On the other hand, given some arbitrary strategy \(\Lambda ^{ev}\) of \(\mathcal E \), for \(\mathcal A \)’s belief we have

$$\begin{aligned} \Pr (\{a\}|\mu )&= \Pr (\{a\}|\mu ,h)\Pr (h|\mu )+\Pr (\{a\}|\mu ,l)\Pr (l|\mu ) \nonumber \\&= \left[ \Pr (\{a\}|h)-\Pr (\{a\}|l)\right] \Pr (h|\mu )+\Pr (\{a\}|l) \end{aligned}$$

(9)

where the second equality follows from the fact that \(\mu \) is redundant for \(\mathcal A \)’s inference about \(\mathcal E \)’s action when conditioning on the quality of the project.
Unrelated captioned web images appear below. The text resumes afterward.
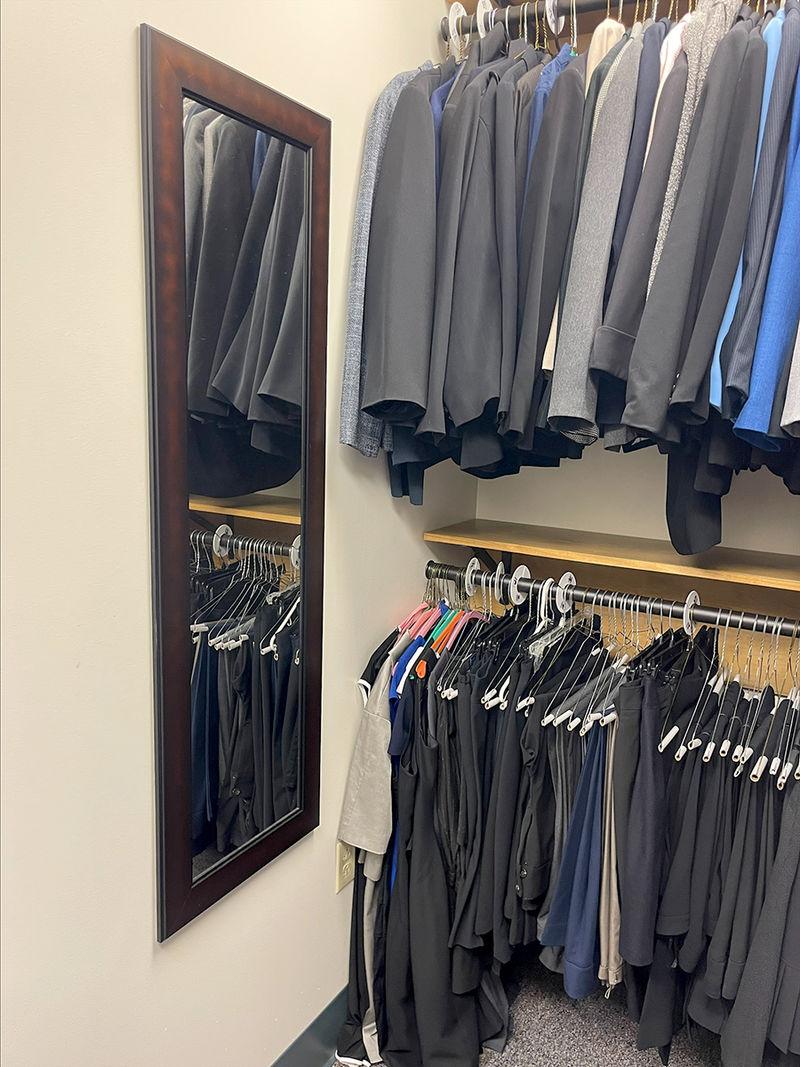 A full-length mirror hanging on a wall near a double-decker rack of men's suit jackets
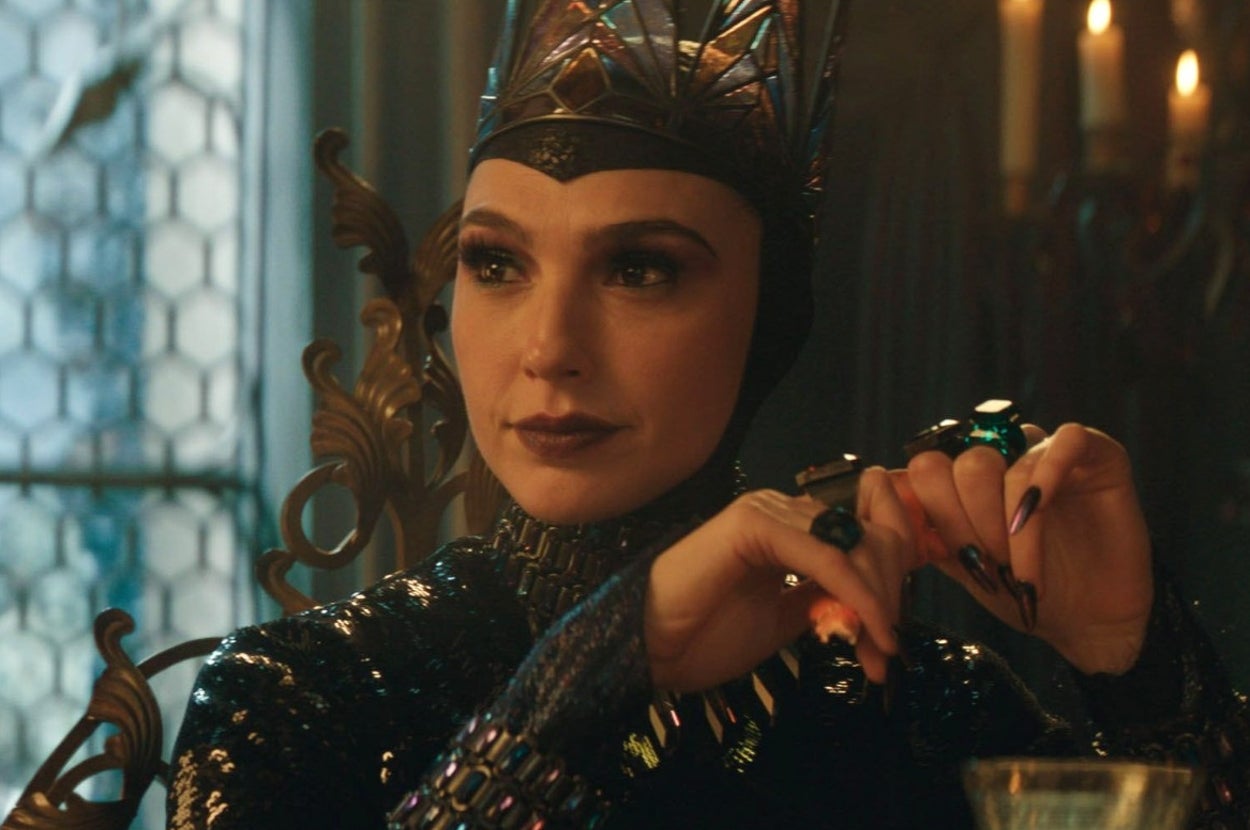 Two people in an ornate room, one in a detailed, dark fantasy costume with a crown, seated at a table with cards and ornate items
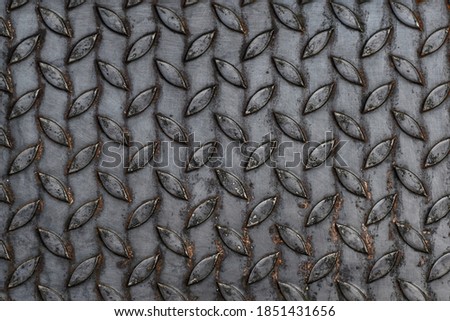 Textured background, non-slip steel plate, diamond pattern, gray black, close-up photo used for wallpaper design, beautiful abstract pattern, Checker Plate.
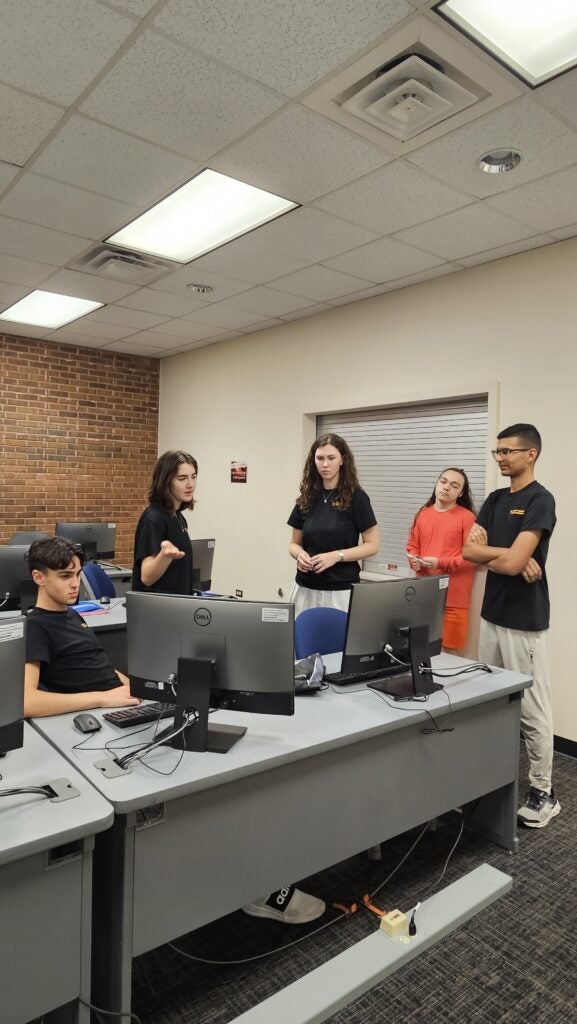 A group of five young adults stand and sit around computer desks in an office or classroom, engaged in discussion.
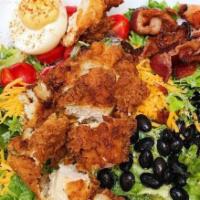 Southwestern Cobb Salad · Mixed greens, bacon, black beans, avocado, tomato, deviled eggs, cheddar cheese, and pimento...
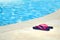 Pink flip flops near the swimming pool with blue water. Summer vacation in tropical resort. Beach shoes. Pair of thong sandals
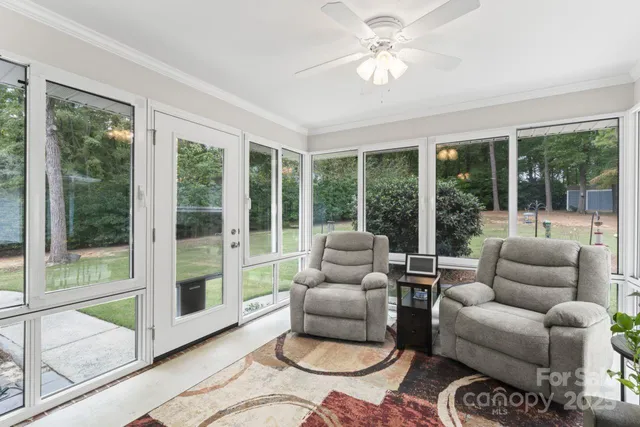 a living room with furniture and a floor to ceiling window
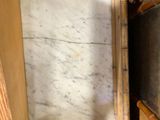 a small mirror in the corner of a wooden cabinet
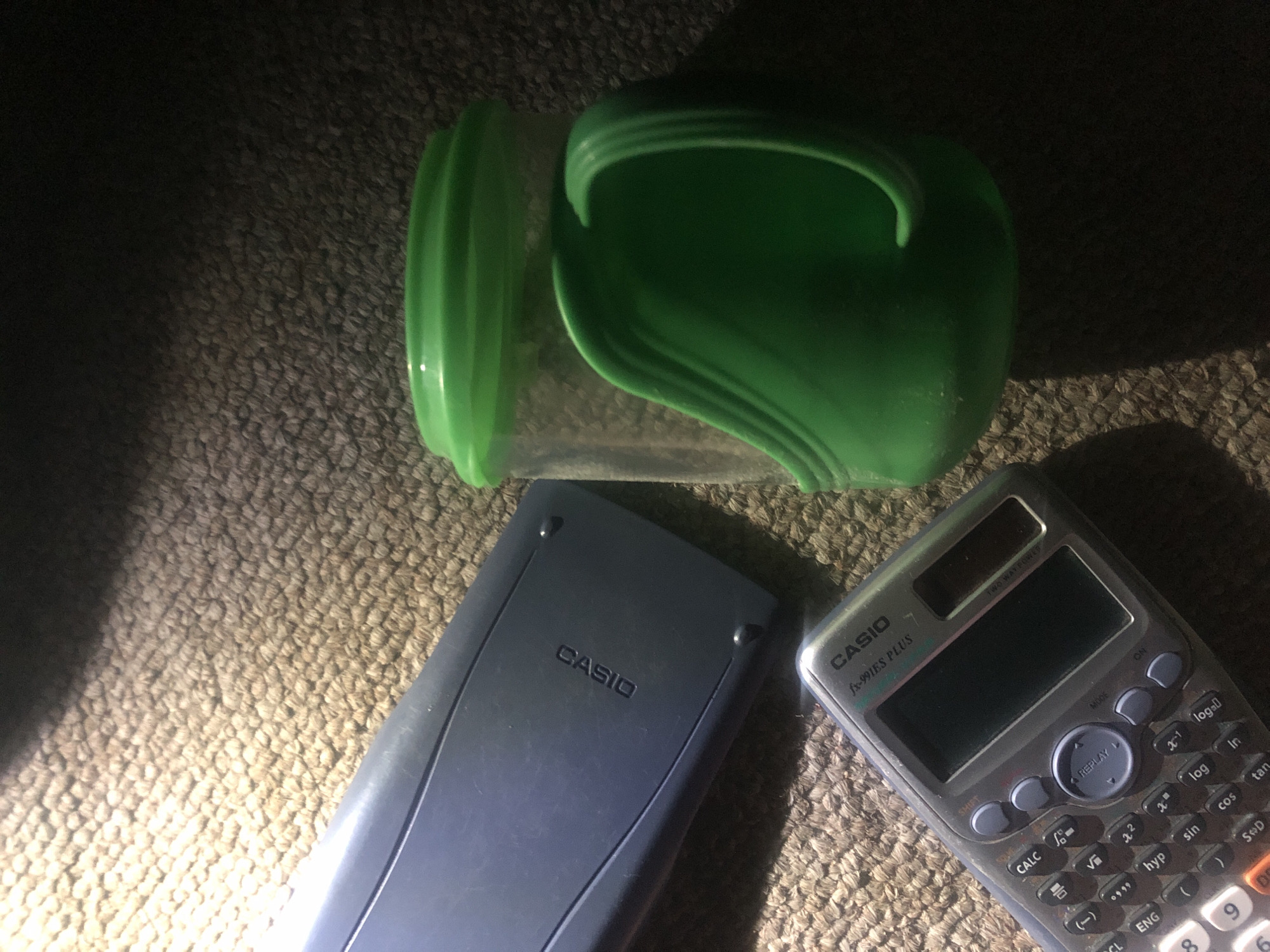 A dark, low-angle, medium shot captures a blue Casio calculator, a darker blue Casio calculator, and a green plastic cup with a handle, all resting on a textured brown carpet. The lighting is dramatic, with a strong light source from the upper left casting shadows and highlighting the items. The blue Casio calculator on the left is lying flat, its surface showing the "CASIO" logo. Below it and slightly to the right is a smaller, silver-grey Casio calculator, angled upwards, displaying a screen and buttons. To the right of the calculators is the green plastic cup, its translucent body visible through the green handle and lid. The cup has a distinct ergonomic handle that curves downwards. The carpet exhibits a coarse weave pattern. The overall impression is one of everyday objects placed together, possibly in a domestic or study setting. The image does not contain information about Jalingo, Nigeria.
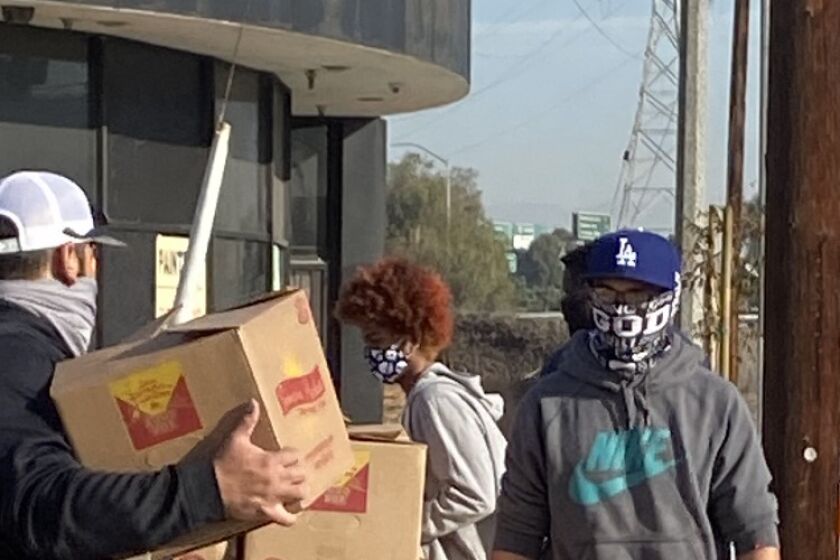 Angelou quarterback Omar Sahagun helps lift 25-pound food boxes to distribute to community members.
Since in any equilibrium \(\mathcal E \) uses a cutoff strategy, we have \(\Pr (\{a\}|h)-\Pr (\{a\}|l)=\Pr (\sigma \ge \overline{\sigma }|h)-\Pr (\sigma \ge \overline{\sigma }|l)=F^{l}(\overline{ \sigma })-F^{h}(\overline{\sigma })\). The monotone likelihood ratio property implies first order stochastic dominance, and thus \(F^{l}(\overline{\sigma } )-F^{h}(\overline{\sigma })>0\). On the other hand, by Bayes’ Rule we have

$$\begin{aligned} \Pr (h|\mu )=\frac{g^{h}(\mu )\pi }{g^{h}(\mu )\pi +g^{l}(\mu )\left( 1-\pi \right) }=\frac{\frac{g^{h}(\mu )}{g^{l}(\mu )}\frac{\pi }{1-\pi }}{\frac{g^{h}(\mu )}{g^{l}(\mu )}\frac{\pi }{1-\pi }+1} \end{aligned}$$

(10)

which is increasing in \(\frac{g^{h}(\mu )}{g^{l}(\mu )}\), and thus increasing in \(\mu \) since \(\frac{d}{d\mu }\left[ \frac{g^{h}(\mu )}{g^{l}(\mu )}\right] >0\) by Assumption 1. Therefore, when \( \mathcal E \) employes a cutoff strategy, \(\frac{d}{d\mu }\Pr (\{a\}|\mu )>0\), and thus \(\mathcal A \)’s best response is a cutoff strategy. \(\square \)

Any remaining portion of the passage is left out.